Leave the pictures out and print, word for word, the lines below from the one with "Apto com sacada ampla em predio com piscina" through the final line.

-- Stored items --
○ ○ ○
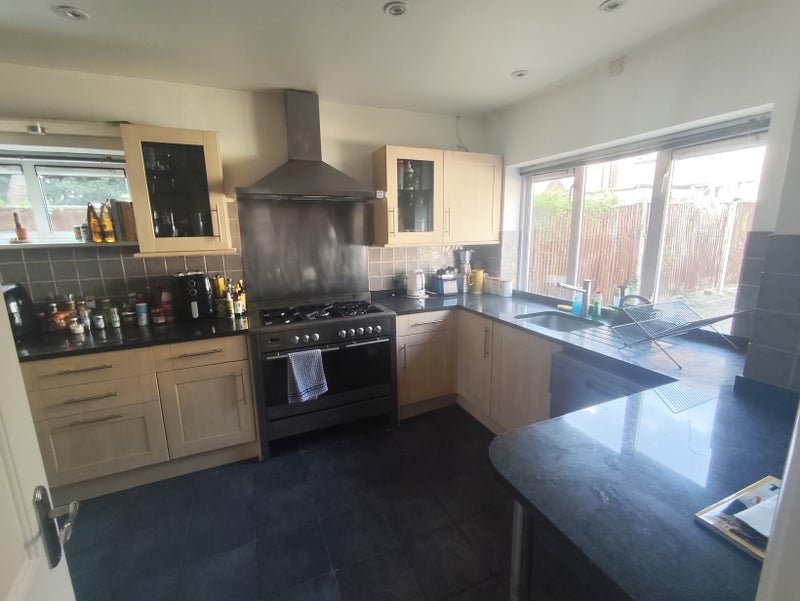 Room Maclaren Mews in Greater London
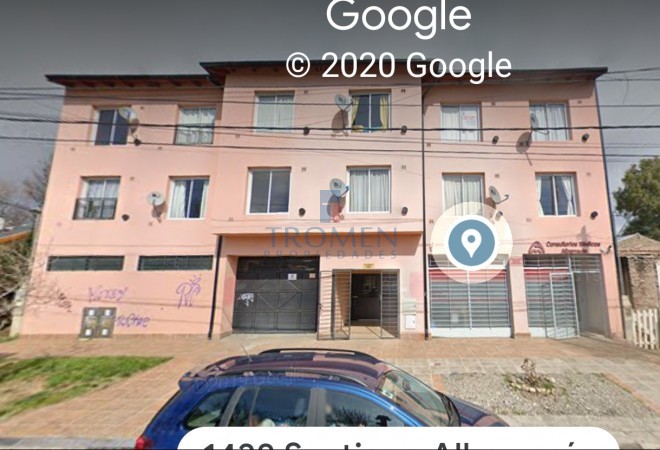 Duplex en calle Albarracin. muy luminoso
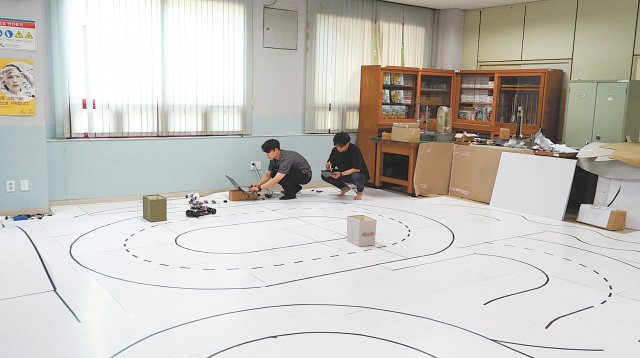 기계설계공학과 학생들이 실습을 하는 모습. 한국산업기술대 제공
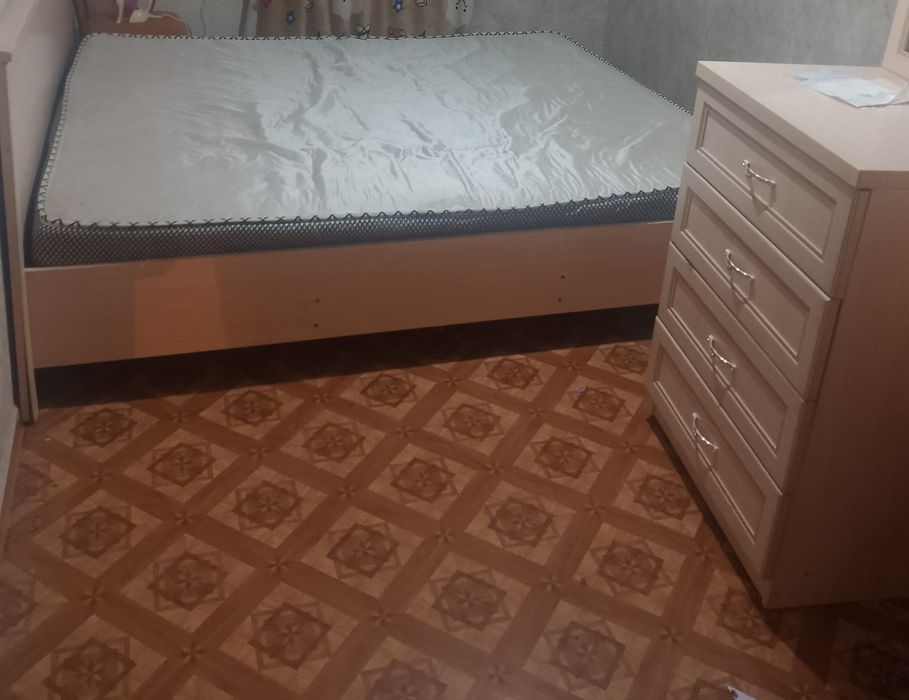 Продам спальный гарнитур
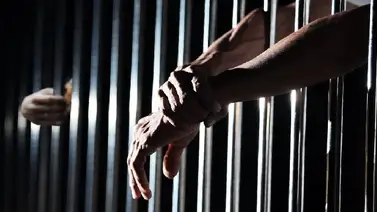 Condenan a profesor de la UNEFA por abusar sexualmente de dos alumnas Condenan a profesor de la UNEFA por abusar sexualmente de dos alumnas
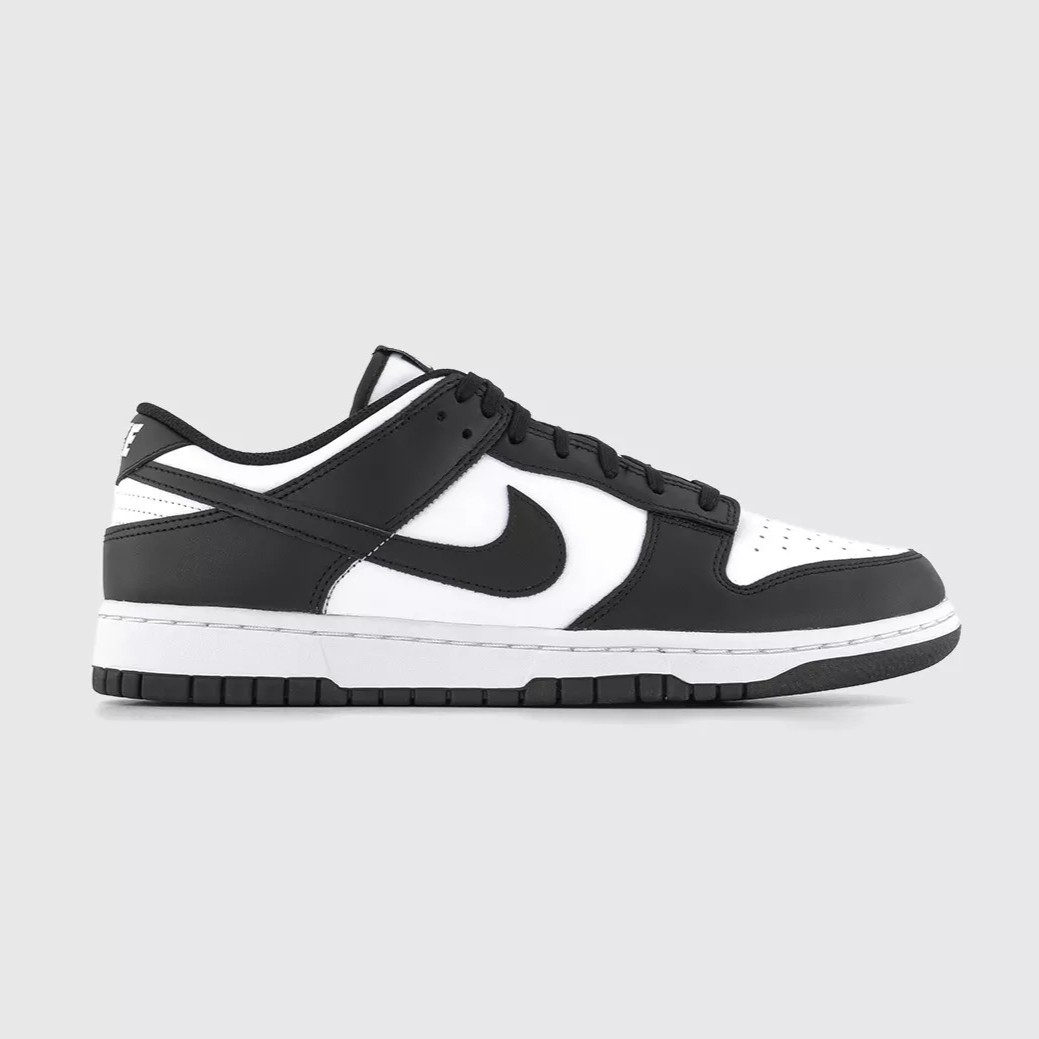 Nike Dunk Low Trainers Image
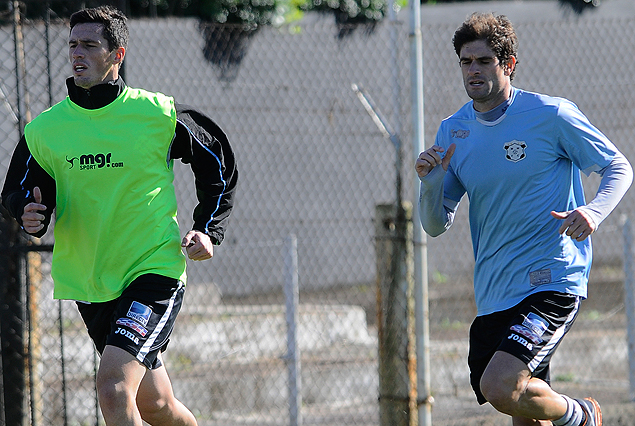 Los zagueros Martín Díaz y Gastón Bueno trotaron en el movimiento físico, por prevención.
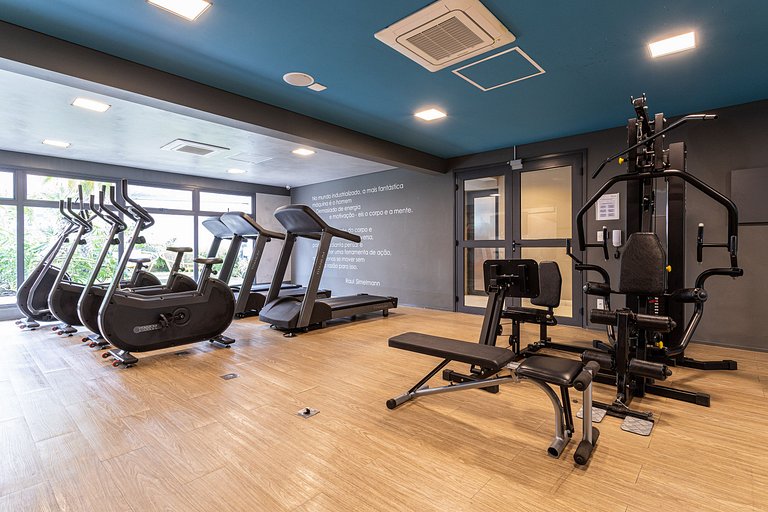 Apto com sacada ampla em predio com piscina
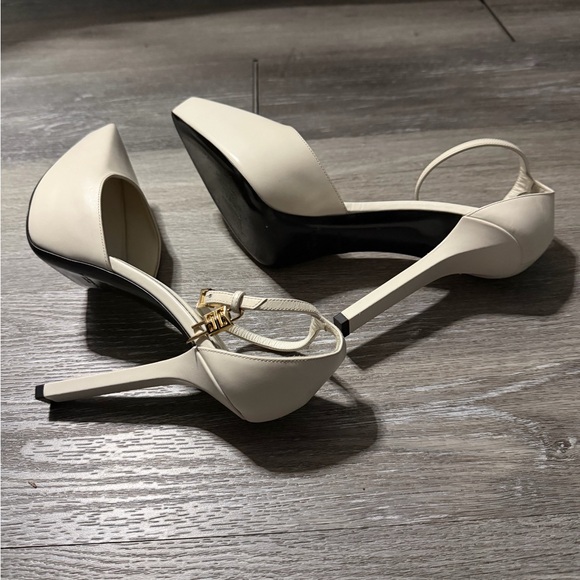 Givenchy G-Lock Platform Pumps - Picture 3 of 7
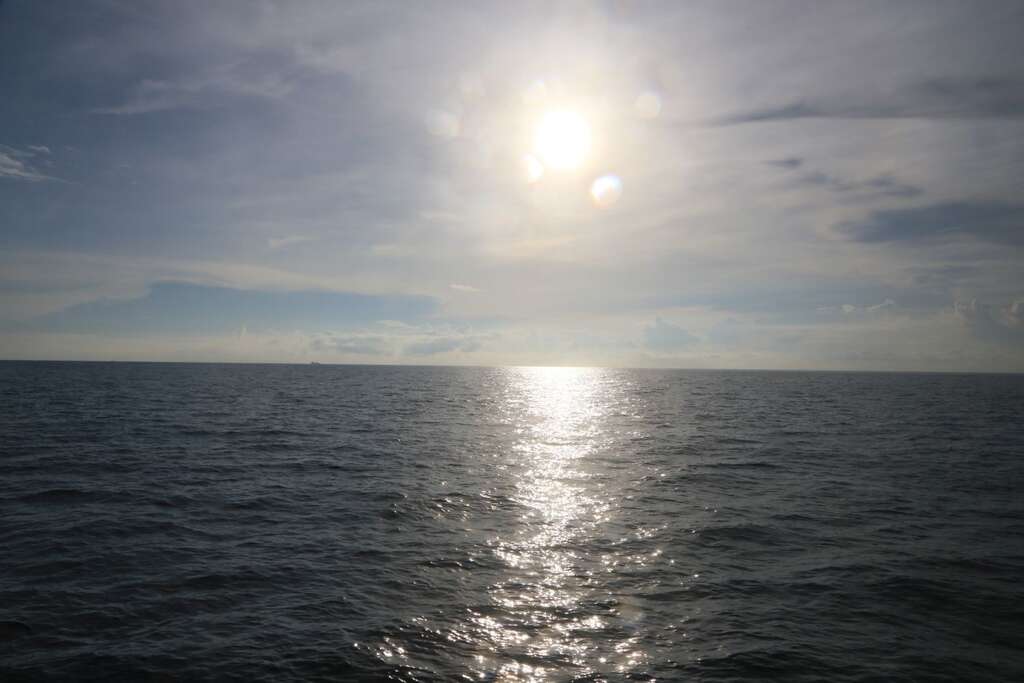 從船上望著太陽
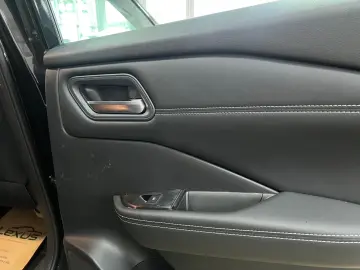 Nissan Qashqai 1.3 MHEV 158 Business Xtronic Posibilitate fi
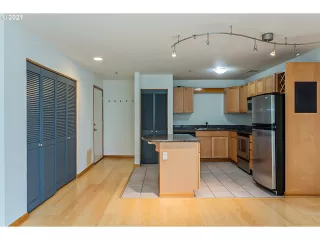 Photo #6: 21423440 Listing 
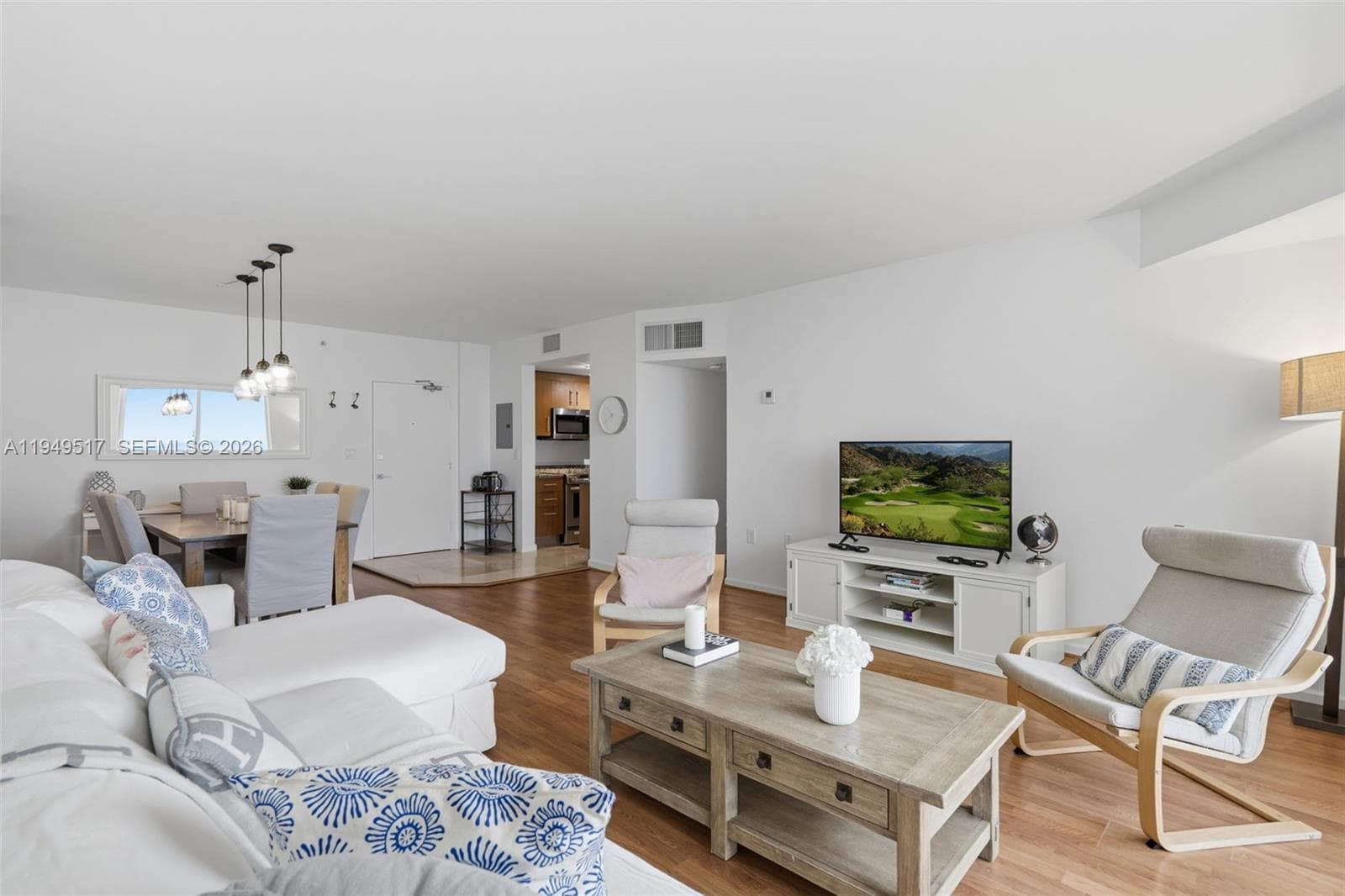 10275 Collins Ave 718 photo 9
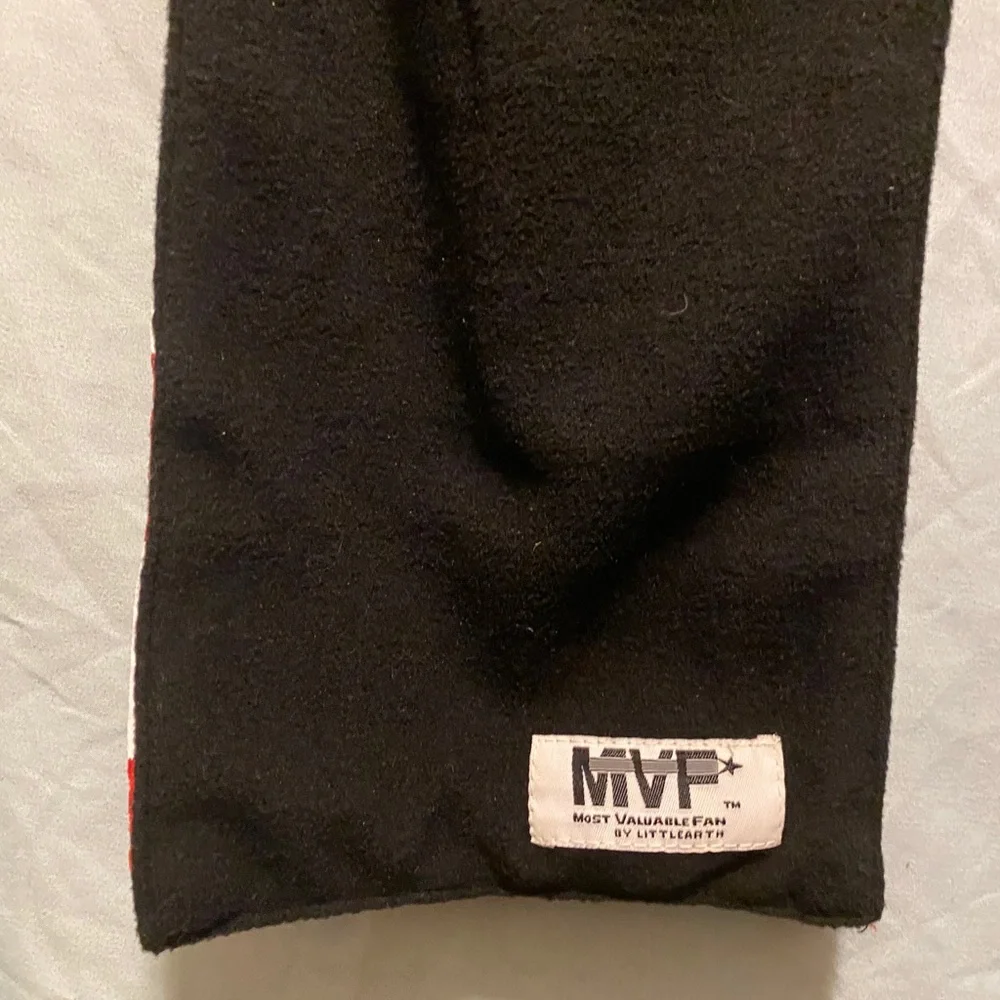 EUC Nebraska Huskers-scarf with pocket
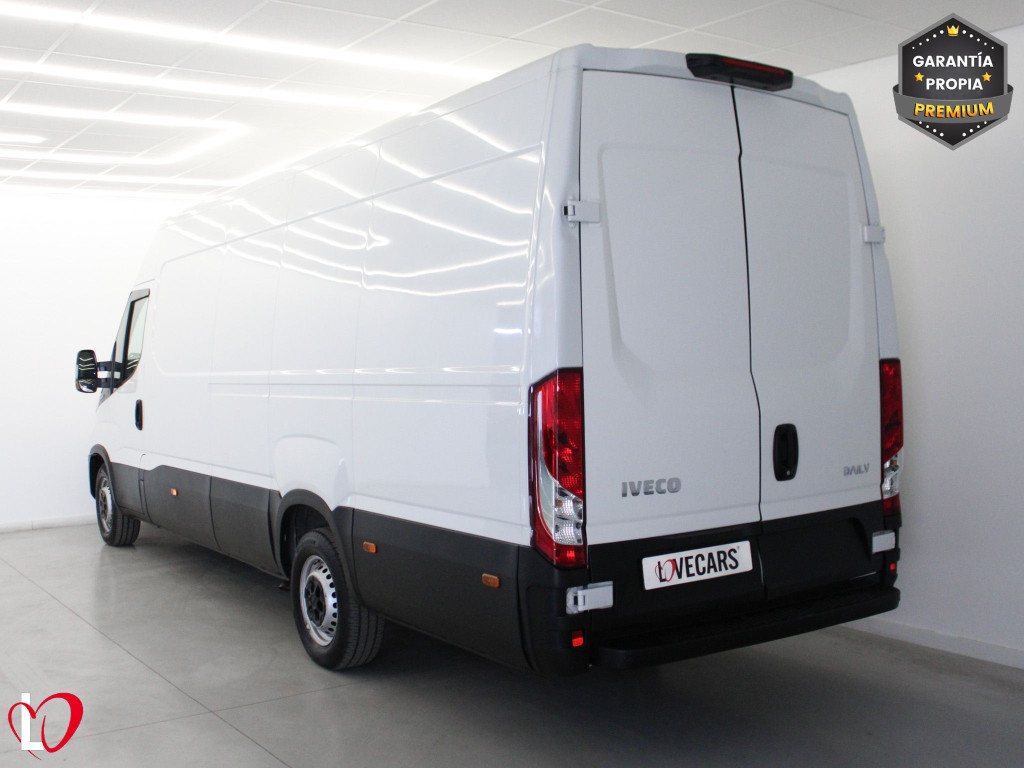 IVECO DAILY 2.3 TD FURGON L4 H2 16M3 156 de segunda mano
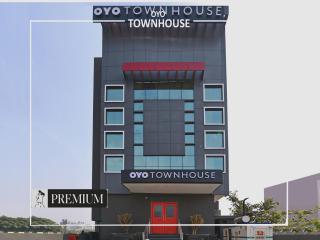 Super Townhouse Singapore Mall - Chinhat - 4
○ ○ ○
-- Exercise output --
 Apto com sacada ampla em predio com piscina
 Givenchy G-Lock Platform Pumps - Picture 3 of 7
 從船上望著太陽
 Nissan Qashqai 1.3 MHEV 158 Business Xtronic Posibilitate fi
 Photo #6: 21423440 Listing 
 10275 Collins Ave 718 photo 9
 EUC Nebraska Huskers-scarf with pocket
 IVECO DAILY 2.3 TD FURGON L4 H2 16M3 156 de segunda mano
 Super Townhouse Singapore Mall - Chinhat - 4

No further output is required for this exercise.